Required work - All lines from the one with "Photo Mosaica screenshot 3" to the end of the entries below must be written out exactly. Leave out any other line.

** Data in this exercise follows **

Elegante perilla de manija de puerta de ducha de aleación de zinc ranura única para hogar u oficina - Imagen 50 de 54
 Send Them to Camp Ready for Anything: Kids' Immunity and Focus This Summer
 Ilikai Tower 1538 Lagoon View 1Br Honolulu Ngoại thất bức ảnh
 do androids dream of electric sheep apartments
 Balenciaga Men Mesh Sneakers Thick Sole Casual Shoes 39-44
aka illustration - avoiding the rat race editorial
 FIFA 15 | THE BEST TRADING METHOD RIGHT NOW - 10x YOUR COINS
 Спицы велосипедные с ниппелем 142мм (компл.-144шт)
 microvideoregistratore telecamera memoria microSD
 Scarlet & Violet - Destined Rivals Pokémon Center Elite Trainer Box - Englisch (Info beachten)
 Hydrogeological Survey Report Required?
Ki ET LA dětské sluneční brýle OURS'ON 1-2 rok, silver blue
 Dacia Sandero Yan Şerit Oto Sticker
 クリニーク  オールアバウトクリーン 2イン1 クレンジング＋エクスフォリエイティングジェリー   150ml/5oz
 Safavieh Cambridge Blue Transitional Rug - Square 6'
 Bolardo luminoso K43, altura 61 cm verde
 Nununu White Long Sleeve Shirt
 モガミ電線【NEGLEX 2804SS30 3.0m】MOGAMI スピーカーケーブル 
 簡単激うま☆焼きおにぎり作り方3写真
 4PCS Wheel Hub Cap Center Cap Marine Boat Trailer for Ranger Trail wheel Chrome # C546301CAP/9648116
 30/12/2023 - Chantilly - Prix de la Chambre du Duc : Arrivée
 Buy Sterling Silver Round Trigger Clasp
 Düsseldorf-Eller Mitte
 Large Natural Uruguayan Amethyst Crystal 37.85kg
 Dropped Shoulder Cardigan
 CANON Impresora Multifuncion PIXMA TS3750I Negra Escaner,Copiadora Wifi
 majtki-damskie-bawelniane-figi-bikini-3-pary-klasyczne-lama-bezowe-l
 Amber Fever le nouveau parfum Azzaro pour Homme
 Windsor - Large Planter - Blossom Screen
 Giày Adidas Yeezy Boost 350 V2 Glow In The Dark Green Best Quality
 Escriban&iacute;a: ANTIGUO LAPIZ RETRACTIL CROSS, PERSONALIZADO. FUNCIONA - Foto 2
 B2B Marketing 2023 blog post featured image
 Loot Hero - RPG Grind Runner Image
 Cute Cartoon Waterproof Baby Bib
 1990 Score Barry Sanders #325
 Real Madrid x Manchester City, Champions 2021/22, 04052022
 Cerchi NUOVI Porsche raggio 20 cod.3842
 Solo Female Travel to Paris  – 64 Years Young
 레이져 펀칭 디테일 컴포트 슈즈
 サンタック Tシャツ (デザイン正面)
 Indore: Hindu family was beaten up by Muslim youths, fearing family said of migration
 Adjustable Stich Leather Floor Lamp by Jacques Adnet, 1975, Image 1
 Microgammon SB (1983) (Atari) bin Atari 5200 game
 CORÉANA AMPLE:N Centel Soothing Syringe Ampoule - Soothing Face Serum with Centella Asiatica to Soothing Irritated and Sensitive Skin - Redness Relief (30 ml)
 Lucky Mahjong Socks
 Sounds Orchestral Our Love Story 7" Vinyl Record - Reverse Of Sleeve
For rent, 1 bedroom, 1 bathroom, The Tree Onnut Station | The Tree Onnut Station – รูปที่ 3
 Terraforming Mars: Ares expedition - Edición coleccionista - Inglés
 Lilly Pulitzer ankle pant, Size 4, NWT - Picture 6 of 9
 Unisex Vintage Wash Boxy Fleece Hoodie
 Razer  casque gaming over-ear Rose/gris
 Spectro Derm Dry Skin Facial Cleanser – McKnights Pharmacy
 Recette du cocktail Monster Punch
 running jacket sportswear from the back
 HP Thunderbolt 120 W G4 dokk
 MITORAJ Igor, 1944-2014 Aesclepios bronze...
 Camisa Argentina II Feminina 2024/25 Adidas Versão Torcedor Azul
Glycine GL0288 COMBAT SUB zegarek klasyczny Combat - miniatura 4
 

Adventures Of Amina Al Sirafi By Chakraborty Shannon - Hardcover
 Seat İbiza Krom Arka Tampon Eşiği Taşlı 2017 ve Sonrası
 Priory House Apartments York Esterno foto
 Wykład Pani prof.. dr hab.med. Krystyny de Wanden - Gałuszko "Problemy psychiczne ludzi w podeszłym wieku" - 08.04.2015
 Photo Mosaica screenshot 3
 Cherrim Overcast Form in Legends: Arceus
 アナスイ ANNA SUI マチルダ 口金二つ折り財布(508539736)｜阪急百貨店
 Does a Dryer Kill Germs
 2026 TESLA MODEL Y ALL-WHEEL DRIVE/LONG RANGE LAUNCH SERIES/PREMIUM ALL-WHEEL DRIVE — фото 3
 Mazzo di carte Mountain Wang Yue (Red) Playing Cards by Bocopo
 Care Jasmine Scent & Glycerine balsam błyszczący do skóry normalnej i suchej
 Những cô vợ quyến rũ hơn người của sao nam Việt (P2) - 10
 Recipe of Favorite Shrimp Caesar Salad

** End of Data in this exercise **

Answer to this task -
 Photo Mosaica screenshot 3
 Cherrim Overcast Form in Legends: Arceus
 アナスイ ANNA SUI マチルダ 口金二つ折り財布(508539736)｜阪急百貨店
 Does a Dryer Kill Germs
 2026 TESLA MODEL Y ALL-WHEEL DRIVE/LONG RANGE LAUNCH SERIES/PREMIUM ALL-WHEEL DRIVE — фото 3
 Mazzo di carte Mountain Wang Yue (Red) Playing Cards by Bocopo
 Care Jasmine Scent & Glycerine balsam błyszczący do skóry normalnej i suchej
 Những cô vợ quyến rũ hơn người của sao nam Việt (P2) - 10
 Recipe of Favorite Shrimp Caesar Salad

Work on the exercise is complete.